I. Bye, Bye Peres (I)
Gershon Baskin, a prominent left-wing activist and the architect of the outrageous Gilad Shalit prisoner swap, tells a story of learning of a series of tunnels under the Philadelphi Corridor. According to Baskin’s account, the information came from a senior security official in Gaza, a year after arriving in the coastal strip with the chief PLO terrorist Yasser Arafat. The tunnels had been constructed by Hamas, and the Palestinian Authority was asking for Israel’s assistance in located and destroying the underground smuggling network.
But when Baskin called the prime minister to report on his finding, he was met with a stony silence. Israel chose to ignore the warning, as it did with other indications at the time that the PLO was using its “temporary authority” to create a terrorist army in the heart of the Land of Israel. It was the heyday of the Oslo years, and individuals who produced evidence to question the wisdom of the land-for-peace formula were virtual enemies-of-state.
The Foreign Minister at the time was Shimon Peres, who’s retirement from the presidency today at age 91 will mark the end of his career as an elected official in Israel. Ironically, Peres leaves the stage during a conflict that points directly to his political legacy: Israel’s willingness to build foreign policy based not on intelligence information and cold analysis of actual situations,but rather on hopes. Residents of the south and coastal regions have been paying for that approach for more than a decade, and dozens of IDF soldiers have lost their lives in repeated battles as a result.
As Peres leaves elected political life, one can rest assured that he will continue agitating for Israel to continue the willing blindness policy from outside politics, and that local and international media will give him an open platform for his message.
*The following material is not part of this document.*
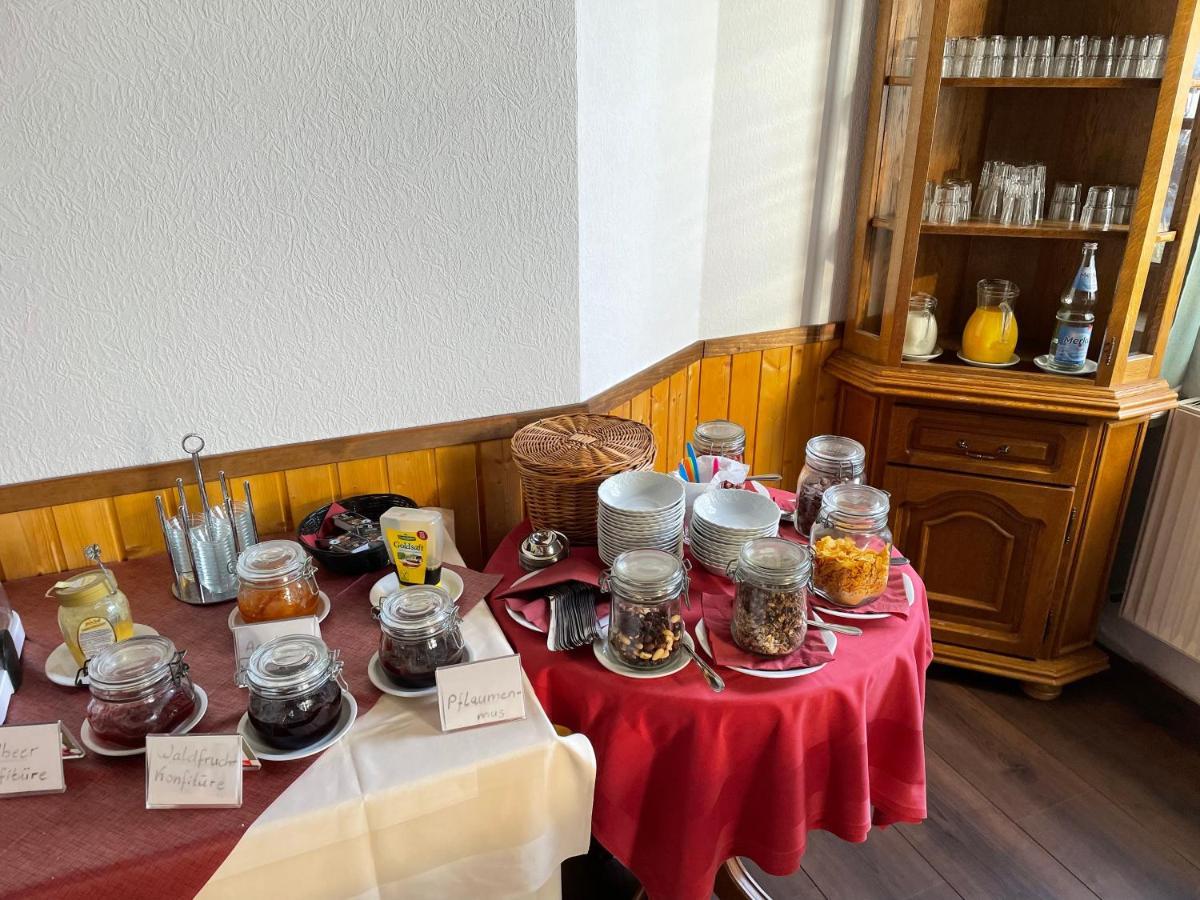 מלון Gernrode  Gasthof Zum Baren מראה חיצוני תמונה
But if Israel is to avoid a future, more serious flare up (likely in 18 months or so), the country would be wise to let Shimon Peres fade into the sunset and live out his life in peace and good health, and to leave foreign policy to leaders who will deal with political realities in the region as they are, rather than as we wish they were.
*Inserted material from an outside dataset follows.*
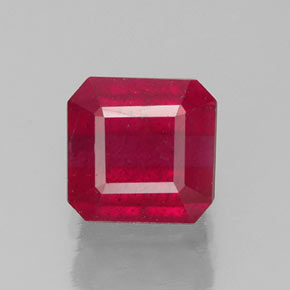 Rubis rouge naturelle taille émeraude, 1,48 ct, SI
II. Nations Don’t Have Friends, Only Interests
US and international media announced this week an $11 billion arms deal between the United States and Qatar. According to reports, Qatar will buy US Patriot missiles, including a free, introductory US offer of 10 Patriot batteries, 24 Apache helicopters, 500 Javelin anti-tank missiles and more. In addition, reports indicated that Washington is hopeful that the current sale is a precursor to a second stage, in which the Gulf state is expected to award a lucrative fighter jet contract to US companies. In every way, the deal will be a boon for US companies.
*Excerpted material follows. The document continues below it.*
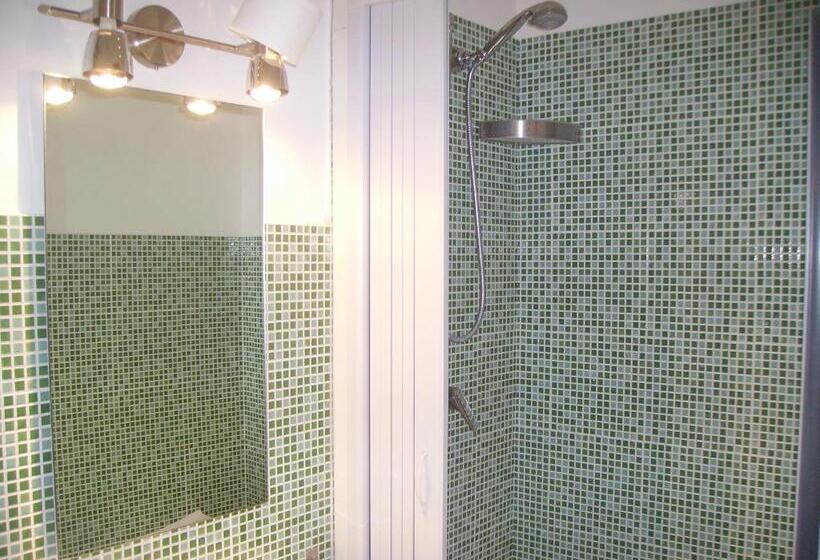 חדר סטנדרט פנימי, Angela E Vincenzo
The huge arms deal is relevant, particularly in light of President Shimon Peres’s statement Wednesday that Qatar’s financial support for Gaza makes the Persian Gulf state the “the world’s largest funder of terror.” Given Qatar’s ongoing support for Hamas, is it unreasonable to suggest that some of the anti-tank missiles delivered to Doha could actually make their way to Gaza, or even to Ramallah? It is a truism of international relations that nations do not have friends. They only have interests. In that light, the US – Qatar relationship is relevant to those individuals who insist that Jerusalem and Washington enjoy a “special relationship,” and that Israel is a central American “ally” in the Middle East. In actual fact, while Washington has indeed given Israel much-needed political support on the international stage for many years, the fact is also that US businesses who arm both sides of the Israel-Arab divide have much to gain from keeping that conflict alive.